Monika Bułaj
photo from private archive
Monika Bułaj (born 1966) is a photojournalist, travel writer, documentary film-maker and TED Fellow based in Italy. She studied Polish studies at the University of Warsaw, as well as anthropology, philosophy and theology. Bułaj has explored the outside edges of faith, nomadic tribes and the outcasts of outskirts, deserts, frontiers and ghettos in Central Asia, Africa and Eastern Europe. Bułaj works as a freelance photographer and writer for GEO, National Geographic, La Repubblica, Corriere della Sera, Courrier International, Gazeta Wyborcza and Revue XXI. Her books include: Libya Felix (Mondadori), Figli di Noè (Frassinelli), Rebecca e la pioggia (Frassinelli), Gerusalemme perduta (Frasinelli; with Paolo Rumiz), God’s People: A Travel into Another Europe (Postcart), NUR: The Hidden Light of Afghanistan (Electa).
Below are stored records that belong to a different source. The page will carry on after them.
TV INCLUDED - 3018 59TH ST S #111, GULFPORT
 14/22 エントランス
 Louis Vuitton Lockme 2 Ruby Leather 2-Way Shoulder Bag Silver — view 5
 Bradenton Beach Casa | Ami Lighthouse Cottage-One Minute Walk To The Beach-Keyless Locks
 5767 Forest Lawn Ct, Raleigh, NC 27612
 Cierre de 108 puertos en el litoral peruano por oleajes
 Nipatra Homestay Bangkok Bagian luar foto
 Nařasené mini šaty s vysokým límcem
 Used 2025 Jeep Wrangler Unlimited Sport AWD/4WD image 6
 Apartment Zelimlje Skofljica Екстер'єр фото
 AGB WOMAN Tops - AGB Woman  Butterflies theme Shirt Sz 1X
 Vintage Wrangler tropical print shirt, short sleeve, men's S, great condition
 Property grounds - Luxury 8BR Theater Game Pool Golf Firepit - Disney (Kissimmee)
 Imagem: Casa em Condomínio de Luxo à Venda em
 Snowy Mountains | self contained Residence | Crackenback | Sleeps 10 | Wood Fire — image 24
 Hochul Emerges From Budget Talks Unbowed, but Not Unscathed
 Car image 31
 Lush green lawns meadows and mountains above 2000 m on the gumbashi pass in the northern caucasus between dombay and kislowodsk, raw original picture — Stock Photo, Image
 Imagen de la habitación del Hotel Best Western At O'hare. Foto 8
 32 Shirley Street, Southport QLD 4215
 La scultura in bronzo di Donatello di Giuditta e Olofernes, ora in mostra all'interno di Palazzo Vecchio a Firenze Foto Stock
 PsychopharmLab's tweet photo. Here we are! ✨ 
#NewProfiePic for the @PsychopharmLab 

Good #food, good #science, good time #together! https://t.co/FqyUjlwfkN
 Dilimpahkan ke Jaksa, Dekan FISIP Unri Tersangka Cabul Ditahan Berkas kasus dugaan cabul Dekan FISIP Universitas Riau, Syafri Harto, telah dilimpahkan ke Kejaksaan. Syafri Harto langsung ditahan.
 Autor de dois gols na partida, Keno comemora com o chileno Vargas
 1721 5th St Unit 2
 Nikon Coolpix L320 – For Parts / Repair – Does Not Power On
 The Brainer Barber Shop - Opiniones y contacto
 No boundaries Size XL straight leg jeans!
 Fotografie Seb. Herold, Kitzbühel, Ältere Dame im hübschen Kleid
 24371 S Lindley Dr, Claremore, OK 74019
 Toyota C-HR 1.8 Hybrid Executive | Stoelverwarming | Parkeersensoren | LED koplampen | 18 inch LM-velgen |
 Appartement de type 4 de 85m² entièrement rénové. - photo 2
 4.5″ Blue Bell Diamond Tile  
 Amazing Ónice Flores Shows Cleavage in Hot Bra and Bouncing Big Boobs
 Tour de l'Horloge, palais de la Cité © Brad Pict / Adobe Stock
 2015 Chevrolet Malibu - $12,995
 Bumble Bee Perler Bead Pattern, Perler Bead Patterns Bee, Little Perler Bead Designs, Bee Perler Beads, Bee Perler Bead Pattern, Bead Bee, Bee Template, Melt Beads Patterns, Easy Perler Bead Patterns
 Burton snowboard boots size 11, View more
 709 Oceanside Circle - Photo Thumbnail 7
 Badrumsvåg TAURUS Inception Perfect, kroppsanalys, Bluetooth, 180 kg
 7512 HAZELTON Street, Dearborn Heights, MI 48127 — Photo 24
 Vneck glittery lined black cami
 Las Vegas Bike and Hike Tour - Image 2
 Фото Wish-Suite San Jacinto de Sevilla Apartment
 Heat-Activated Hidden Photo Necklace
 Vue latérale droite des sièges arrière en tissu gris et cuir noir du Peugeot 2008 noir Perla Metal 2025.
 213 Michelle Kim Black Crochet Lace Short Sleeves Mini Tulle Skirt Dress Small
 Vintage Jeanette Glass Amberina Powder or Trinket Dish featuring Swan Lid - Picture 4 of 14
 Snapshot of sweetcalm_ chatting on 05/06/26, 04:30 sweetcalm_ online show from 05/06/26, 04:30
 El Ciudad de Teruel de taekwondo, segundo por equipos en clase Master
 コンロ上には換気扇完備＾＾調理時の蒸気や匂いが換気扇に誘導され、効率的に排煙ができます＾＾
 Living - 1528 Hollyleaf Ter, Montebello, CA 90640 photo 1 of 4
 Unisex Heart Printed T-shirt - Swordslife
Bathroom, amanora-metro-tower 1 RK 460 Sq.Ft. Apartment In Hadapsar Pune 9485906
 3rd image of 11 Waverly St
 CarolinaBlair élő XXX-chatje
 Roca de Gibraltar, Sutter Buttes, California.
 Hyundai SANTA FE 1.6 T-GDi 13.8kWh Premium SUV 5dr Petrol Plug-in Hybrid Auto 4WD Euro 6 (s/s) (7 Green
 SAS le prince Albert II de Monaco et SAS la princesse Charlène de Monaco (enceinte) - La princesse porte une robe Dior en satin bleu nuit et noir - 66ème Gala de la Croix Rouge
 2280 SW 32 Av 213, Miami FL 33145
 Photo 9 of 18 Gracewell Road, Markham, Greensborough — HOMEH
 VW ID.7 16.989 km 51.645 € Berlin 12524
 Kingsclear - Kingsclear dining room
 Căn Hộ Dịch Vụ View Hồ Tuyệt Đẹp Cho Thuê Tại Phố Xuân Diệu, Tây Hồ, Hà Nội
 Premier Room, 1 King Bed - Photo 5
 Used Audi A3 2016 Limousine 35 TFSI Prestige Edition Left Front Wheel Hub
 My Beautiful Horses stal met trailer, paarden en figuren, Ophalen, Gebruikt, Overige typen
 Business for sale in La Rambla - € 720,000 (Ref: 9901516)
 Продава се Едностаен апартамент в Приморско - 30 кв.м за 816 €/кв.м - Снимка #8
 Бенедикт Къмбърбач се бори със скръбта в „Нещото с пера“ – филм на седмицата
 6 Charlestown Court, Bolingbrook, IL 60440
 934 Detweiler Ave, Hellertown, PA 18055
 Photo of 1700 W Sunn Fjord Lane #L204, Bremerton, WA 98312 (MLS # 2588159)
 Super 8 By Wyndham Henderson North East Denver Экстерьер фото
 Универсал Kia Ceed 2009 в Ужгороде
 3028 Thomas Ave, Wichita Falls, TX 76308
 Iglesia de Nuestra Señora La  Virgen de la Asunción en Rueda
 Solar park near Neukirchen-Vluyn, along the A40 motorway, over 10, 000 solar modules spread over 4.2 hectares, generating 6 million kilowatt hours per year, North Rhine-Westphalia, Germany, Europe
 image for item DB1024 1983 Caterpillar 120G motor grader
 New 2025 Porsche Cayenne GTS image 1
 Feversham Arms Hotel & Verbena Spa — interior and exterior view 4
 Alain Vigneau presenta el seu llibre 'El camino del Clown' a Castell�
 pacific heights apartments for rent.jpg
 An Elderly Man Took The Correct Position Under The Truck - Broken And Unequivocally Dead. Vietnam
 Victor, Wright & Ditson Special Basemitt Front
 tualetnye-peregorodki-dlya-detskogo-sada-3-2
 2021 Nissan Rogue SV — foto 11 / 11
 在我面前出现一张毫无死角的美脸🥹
Monika Bułaj has displayed her works in more than 60 exhibitions from New York to Saint Petersburg. She has been won a host of awards and fellowships for her photography and literature work, including a grant in visual arts from the European Association for Jewish Culture, the Bruce Chatwin Absolute Eyes Award for photography, a grant from the Aftermath Project, a TED Fellowship, the Premio Tomizza, the National Nonviolenza Award and others. Bułaj has made the documentary film Noah’s Sons in Azerbaijan, and has written documentaries, including Maurizio Orlandi’s Romani Rat (2002) about the Romani Holocaust, in collaboration with the Shoah Visual History Foundation. She is currently working on a new project, Africas: Mirrors of the Invisible, in Haiti, Cuba, Brazil, Sudan, South Sudan, Egypt, Ethiopia, Libya, Morocco, Mali, Benin and Burkina Faso. She is continuing to explore monotheism in Israel and Palestine, Iran, Iraq, Chechnya and Pakistan. The Leica Collection includes a number of her photographs.